Try it => From the entries below, reproduce exactly the line containing "Saint Lauren*YSL圣罗兰25ss新品", the line containing "828 N Webster", and every line in between, with nothing added.

Information provided =>
++++

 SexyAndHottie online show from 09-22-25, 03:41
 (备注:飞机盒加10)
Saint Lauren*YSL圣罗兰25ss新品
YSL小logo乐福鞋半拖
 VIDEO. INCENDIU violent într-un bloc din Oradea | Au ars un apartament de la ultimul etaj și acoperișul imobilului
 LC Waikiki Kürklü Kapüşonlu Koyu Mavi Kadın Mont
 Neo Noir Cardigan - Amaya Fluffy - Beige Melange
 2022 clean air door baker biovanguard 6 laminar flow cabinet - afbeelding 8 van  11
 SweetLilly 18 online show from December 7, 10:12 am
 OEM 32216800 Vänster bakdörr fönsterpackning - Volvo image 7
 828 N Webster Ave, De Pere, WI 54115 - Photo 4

++++

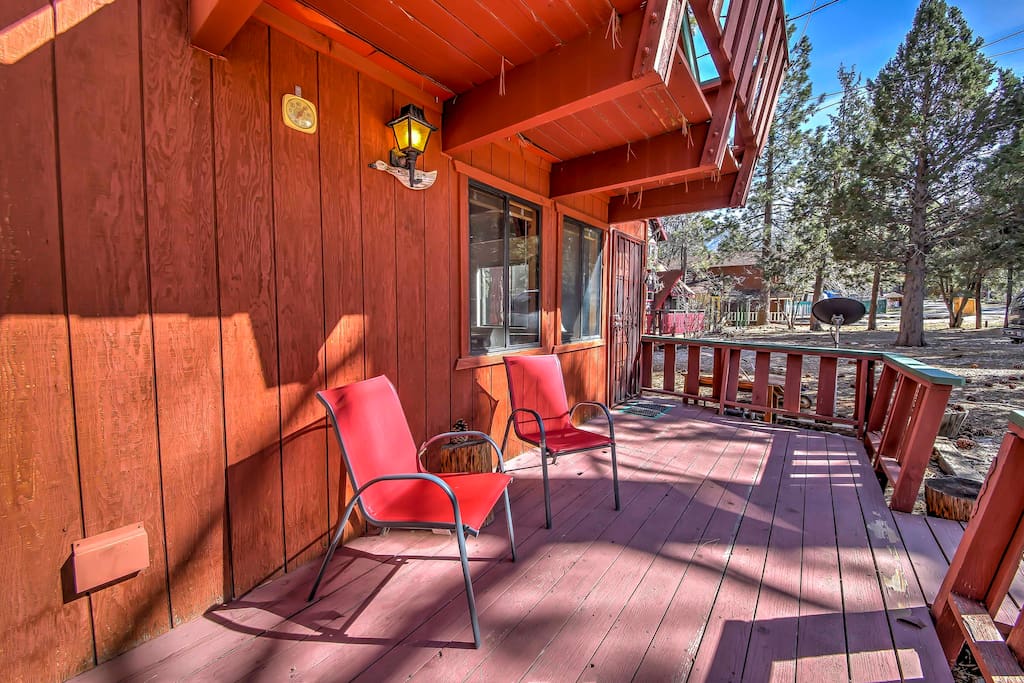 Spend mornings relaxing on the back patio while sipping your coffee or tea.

++++

Answer to the problem =>
Saint Lauren*YSL圣罗兰25ss新品
YSL小logo乐福鞋半拖
 VIDEO. INCENDIU violent într-un bloc din Oradea | Au ars un apartament de la ultimul etaj și acoperișul imobilului
 LC Waikiki Kürklü Kapüşonlu Koyu Mavi Kadın Mont
 Neo Noir Cardigan - Amaya Fluffy - Beige Melange
 2022 clean air door baker biovanguard 6 laminar flow cabinet - afbeelding 8 van  11
 SweetLilly 18 online show from December 7, 10:12 am
 OEM 32216800 Vänster bakdörr fönsterpackning - Volvo image 7
 828 N Webster Ave, De Pere, WI 54115 - Photo 4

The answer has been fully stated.